For prevention and treatment, the method introduced by Lilly strips the mucosa of the posterior wall of the cyst cleanly, while allowing the residual outer fibrous tissue, leaving a flared opening in the upper part of the common bile duct for anastomosis with the jejunum. A small skirt was left at the upper end of the resected cyst to peel away the inner wall of the cyst, ensuring that the anastomosis reached a width of 2 cm and applying an absorbable wire anastomosis with continuous posterior wall and interrupted anterior wall. The trophoblastic vessels of the preserved biliary tract are also protected.
4.Carcinoma of the common bile duct
In the early stage of CCC surgery, surgeons were not aware of this disease, and most of them did not resect and performed cystic jejunostomy or duodenal anastomosis, and the postoperative carcinoma rate was much higher than that of non-operative cases. Todani et al. reported that among 63 cases of congenital common bile duct cysts with carcinoma, 36 cases had internal drainage of cysts, and the internal drainage caused the activation of pancreatic fluid when the intestinal fluid of enterokinase returned to the cysts, and the long-term chronic stimulation caused The long-term chronic stimulation causes cancer.

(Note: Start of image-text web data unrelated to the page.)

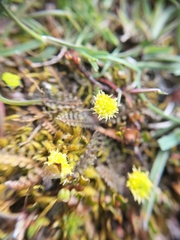 Leptinella serrulata, photograph (c) Colin Meurk, some rights reserved (CC BY-SA)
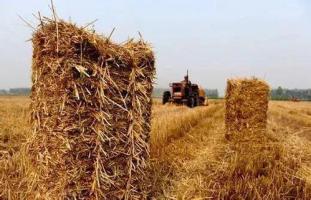 哈爾濱將建200處2兆瓦秸稈沼氣項(xiàng)目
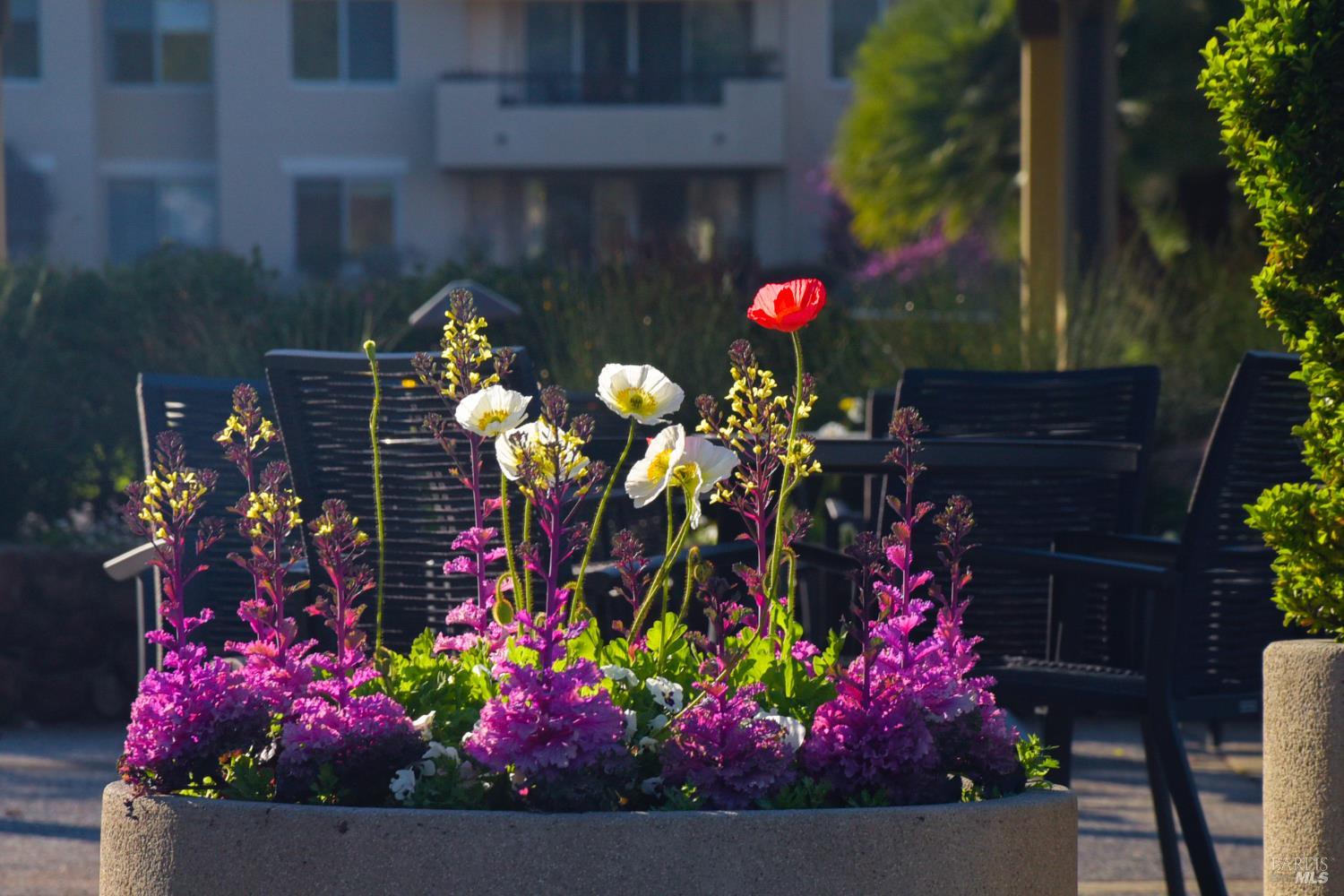 400 Deer Valley Road, Unit 3D San Rafael, CA 94903 - Photo 13 of 18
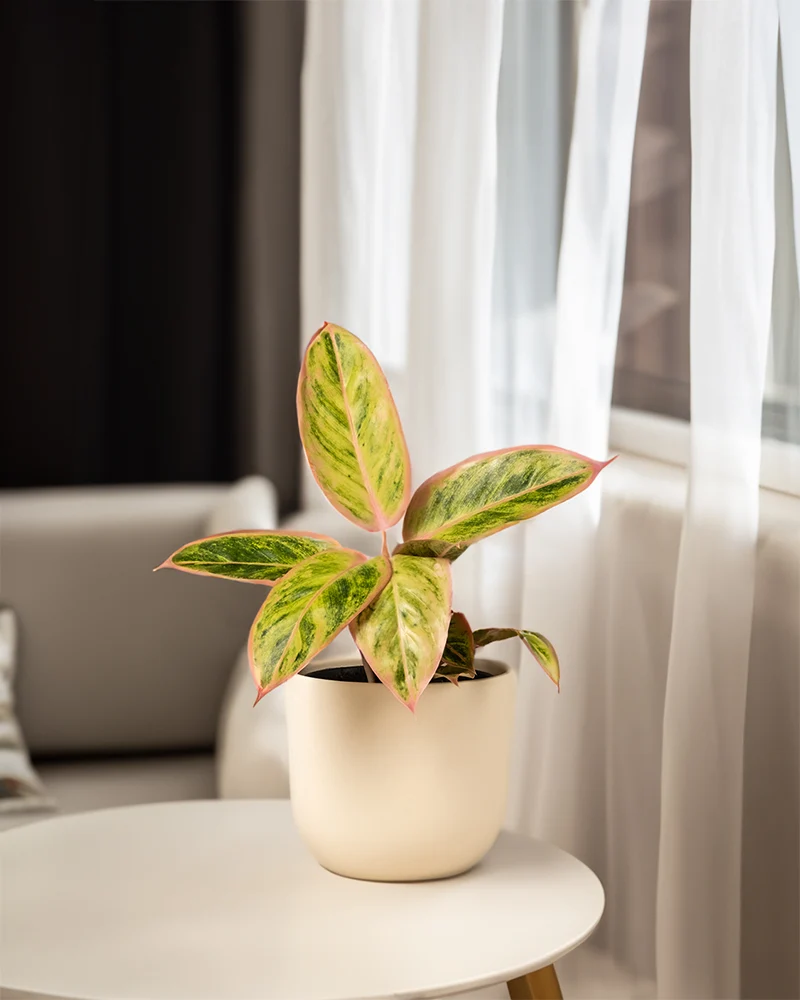 Aglaonema Salmon Fantasy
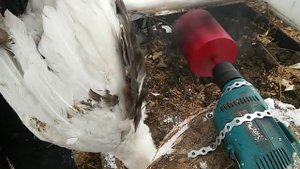 Перощипательная насадка. Честный обзор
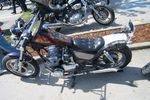 Harley Davidson Treffen 1433814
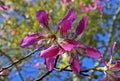 Silk floss tree flowers, Ceiba speciosa or Chorisia speciosa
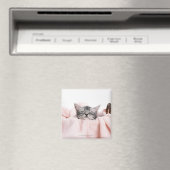 American Shorthair 10 Magnet (In Situ (Geschirrspüler))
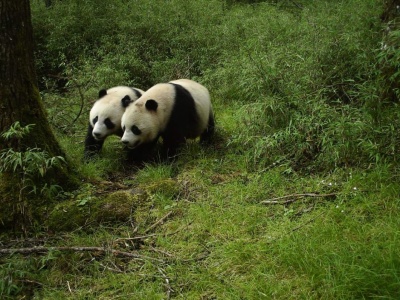过于可爱！四川卧龙首次拍到野生大熊猫双胞胎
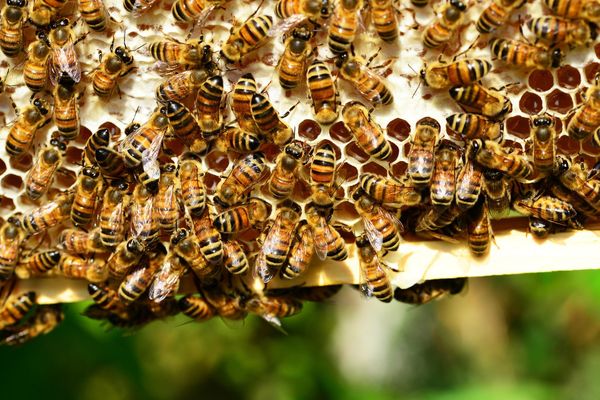 Température, humidité, nombre d'abeilles... Le système permet de suivre la santé de la ruche en temps réel.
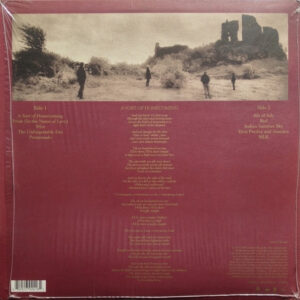 U2 – The Unforgettable Fire - Afbeelding 3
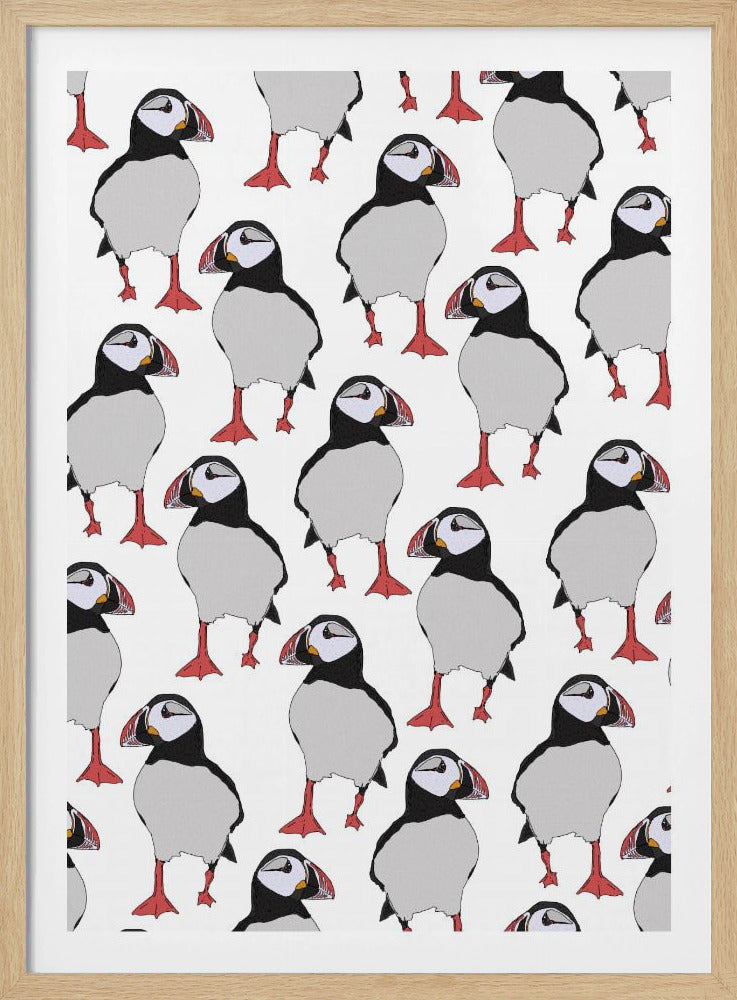 Papageientaucher-Vogelmuster | Poster
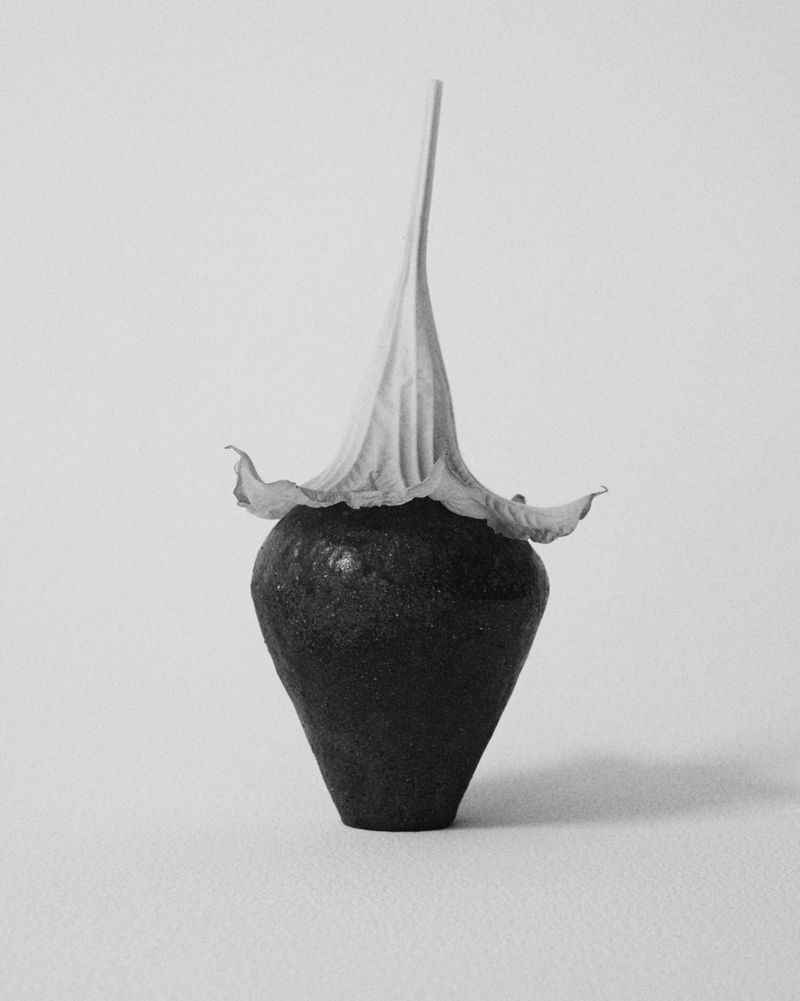 Monochrome still life of a dark vase with a white flower on top set against a white background in a studio setting.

In China, Liu Yingbin et al. reported 20 cases of choledochal cyst carcinoma, including 11 cases of carcinoma after internal drainage, and the emergence of resection Roux-Y choledochal jejunostomy can largely avoid the occurrence of postoperative carcinoma, but due to the immaturity of the surgical technique of some physicians in the basic hospital, the surgical resection of the lower part of the cyst was not enough, and carcinoma occurred after surgery.
5.Postoperative cholangitis and stone formation
Postoperative cholangitis and bile duct stones are relatively common, mainly due to anastomotic stenosis and postoperative intestinal fluid reflux, causing biliary tract infection and stone formation. Its avoidance method try to ensure that the anastomosis is large enough, take the common bile duct jejunum Roux-Y anastomosis, the jejunal loop should not be too long or too short, and some anti-reflux devices can be designed.